Any amount of oil in the wire that would be enough to leak into the plug, would be more than a molecular film and get sucked back. Not my first time doing this redneck mod on whatever misc leaky thing.
I've been hoping someone with a really bad leak, into the ecu plug, will try this and post results. My guess is nobody will, because I've been dealing with car issues for a loooong time and the vast majority of people are scared to try anything outside the box.
ygstraps; nice pix! I was wondering how the hell oil was getting past those things in the first place, now I know. Thanks
I'm not mechanically inclined however, after reading this entire long post, I was able to successfully inspect and replace all of my 4 position cam sensors and 4 magnets.
My SUV did not have any engine codes or miss fires, I decided to verify and notice all my 8 sensor were all soaked in oil heavily and I was concern that it may have going into the ECU. I decided to take on this project for preventative maintenance. I rather spend a few hundred bucks on doing this than a few thousand dollars and dealing with a bigger issue.
Tools: You're going to be frustrated without these tools
CRC Electronic cleaner (use to clean ECU wires that connect to sensor and magnet solenoids)
T30 torx bit (Removal\add cam position sensor)
8mm gear wrench (Removal\add magnet solenoid)
Zip tie cutters (use to cut zip tie that holds the ECU wire going on driver side magnet solenoid)
mini zip ties (use to zip tie back the ECU wires back near driver side magnet solenoid)

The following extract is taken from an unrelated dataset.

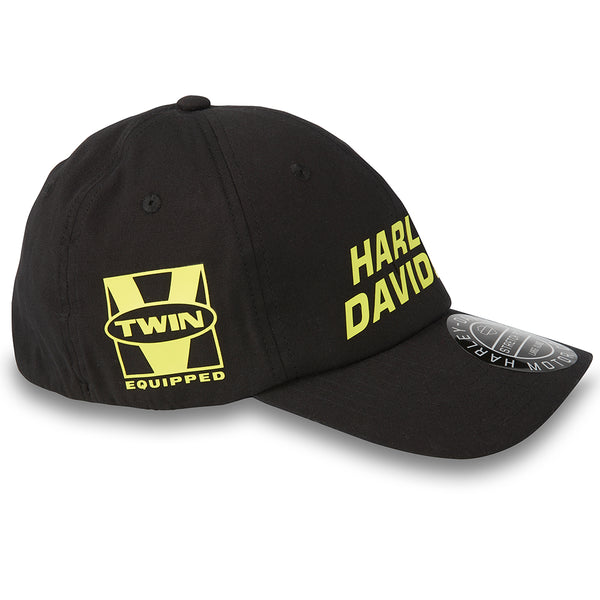 Harley-Davidson Men's Willie G. Skull Viper Waxed Style Cap, Black Hat 97642-24VM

74mm 14 flute oil cap wrench (removal of oil filter)
Torque wrench (add back the oil filter cap to 25nm spec = 18.4lbs)
I wanted to document the process but I was in a time crunch to get the family SUV back on the road. The job is very easy with the right tools and looking at the videos. Overal, I was happy that I was able to tackle this job myself and not have to spend a few thousand bucks in taking it to the dealer or indy.
I hope this post helps everyone to tackle this job. If I can do it, so can you!!!
(I can finally add this patch to my shirt)
when you reconnected your ECU, did the fan kick on automatically? Mine is and I’m wondering if I missed a crucial step in disconnecting the batt first?
What is the magic secret to getting the electrical connectors off? I can't get them to release and I believe that I am releiving the locking tab correctly.
What is the magic secret to getting the electrical connectors off? I can't get them to release and I believe that I am releiving the locking tab correctly.
Wiggle.
1. Retract locking tab
2. Squeeze locking tab
3. While squeezing the locking tab, push connector in the insertion direction
4. Wiggle the connector while pushed in the insertion direction and while squeezing the locking tab
5. Remove while wiggling and squeezing the locking tab
What is the magic secret to getting the electrical connectors off? I can't get them to release and I believe that I am releiving the locking tab correctly.
this guy does a good job of explaining the release procedure:
Update:
It's been over a year since my post 153 about sucking the oil out. It has continued to collect oil and the ECU plug is still bone dry. Not sure how long it was leaking before I noticed, or when exactly I did this mod, but obviously over a year.
I don't know how long it takes to go from dripping wet sensor plugs to the ECU plug, but if it was going to I'd imagine it would've happened by now.